O Ecossistema da Compra e Venda: Como Transformar Papel em Dinheiro
A demanda criada pelas empresas devedoras e a oferta pulverizada na mão de milhares de herdeiros deram origem a um nicho de mercado dinâmico. Empresas de consultoria especializadas, como o portal Ações do BESC, surgiram para profissionalizar a conexão entre as duas pontas, oferecendo segurança e expertise.
O processo de venda de um lote de ações normalmente segue um rito bem definido:
- Avaliação Inicial: O proprietário das ações entra em contato com a consultoria, que realiza uma análise preliminar para checar a titularidade e a aparente autenticidade dos documentos.
- Perícia de Autenticidade: Um perito grafotécnico examina as cautelas para atestar que não são falsificações. Este laudo de autenticidade é a primeira garantia da transação.
- Elaboração do Laudo Financeiro: A consultoria contrata um economista ou contador para elaborar o laudo de avaliação monetária, conforme detalhado anteriormente. Este é o documento que estabelece o valor de face do ativo.
- A Proposta de Compra e o Deságio: Com o valor do laudo em mãos, a consultoria apresenta o lote a investidores ou empresas interessadas. A oferta de compra é feita com um “deságio” sobre o valor total do laudo. Este deságio, que pode variar de 20% a 50%, representa duas coisas: a remuneração do comprador pelo risco e pelo tempo que o capital ficará imobilizado no processo judicial, e a liquidez imediata para o vendedor.
- Formalização: Aceita a proposta, a venda é formalizada através de um Contrato de Cessão de Direitos Creditórios, onde o vendedor transfere todos os direitos sobre as ações para o comprador. Geralmente, é assinada também uma Procuração Pública em cartório, dando ao comprador plenos poderes para representar o titular das ações perante a justiça e o Banco do Brasil.
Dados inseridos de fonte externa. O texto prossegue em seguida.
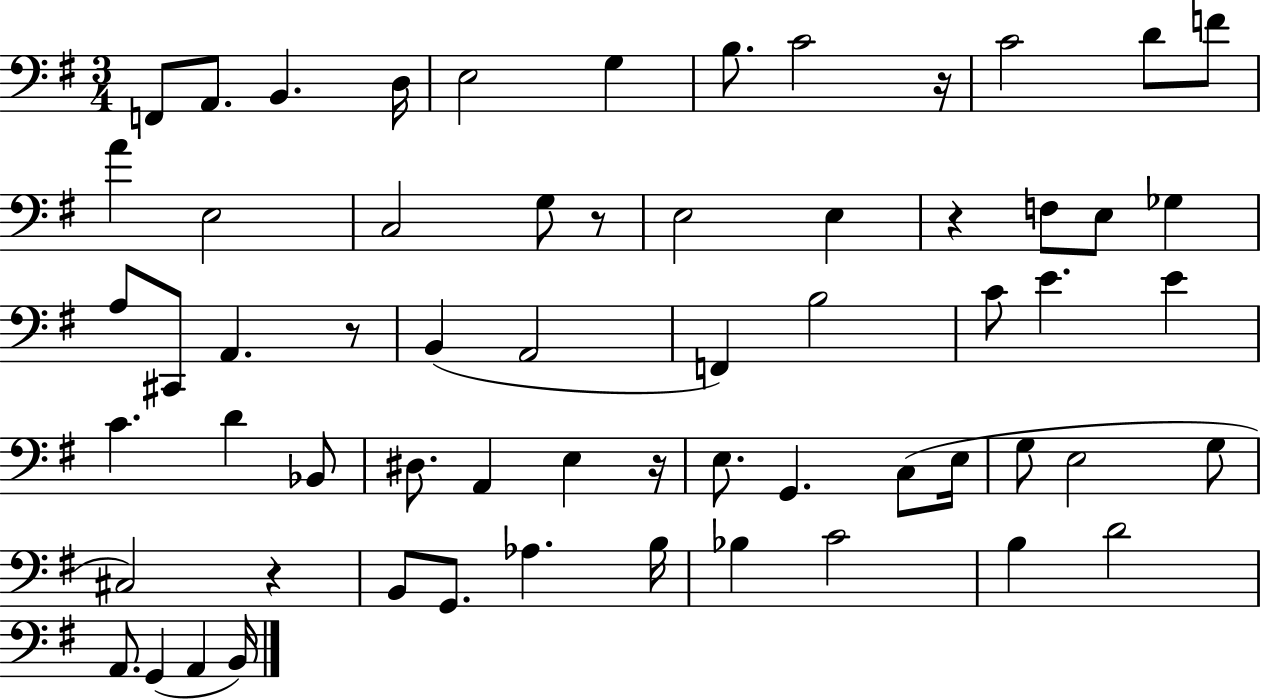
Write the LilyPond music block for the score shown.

{
  \clef bass
  \numericTimeSignature
  \time 3/4
  \key g \major
  f,8 a,8. b,4. d16 | e2 g4 | b8. c'2 r16 | c'2 d'8 f'8 | \break a'4 e2 | c2 g8 r8 | e2 e4 | r4 f8 e8 ges4 | \break a8 cis,8 a,4. r8 | b,4( a,2 | f,4) b2 | c'8 e'4. e'4 | \break c'4. d'4 bes,8 | dis8. a,4 e4 r16 | e8. g,4. c8( e16 | g8 e2 g8 | \break cis2) r4 | b,8 g,8. aes4. b16 | bes4 c'2 | b4 d'2 | \break a,8. g,4( a,4 b,16) | \bar "|."
}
Para o herdeiro que precisa do dinheiro rapidamente ou não quer arcar com os custos e a incerteza de um processo judicial, a venda com deságio é uma excelente opção. Para a empresa que compra, a operação é igualmente vantajosa, pois ela adquire um crédito por um valor inferior ao seu valor de face, utilizando 100% do valor do laudo para garantir sua dívida fiscal, gerando uma economia tributária indireta.
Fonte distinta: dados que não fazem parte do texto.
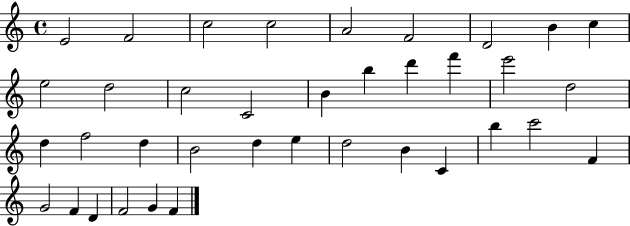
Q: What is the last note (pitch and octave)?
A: F4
O futuro para os detentores das ações remanescentes do BESC e da BESCRI parece, portanto, mais promissor do que nunca. A consolidação da jurisprudência em Santa Catarina funciona como um farol, iluminando o caminho para que um patrimônio que parecia perdido possa ser recuperado e utilizado de forma inteligente. A história do “Nosso Banco” ganha, assim, um novo capítulo, não mais nas agências bancárias, mas nas salas de audiência e nas mesas de negociação, provando que o verdadeiro valor de um ativo pode, por vezes, permanecer adormecido, apenas esperando o momento certo para despertar.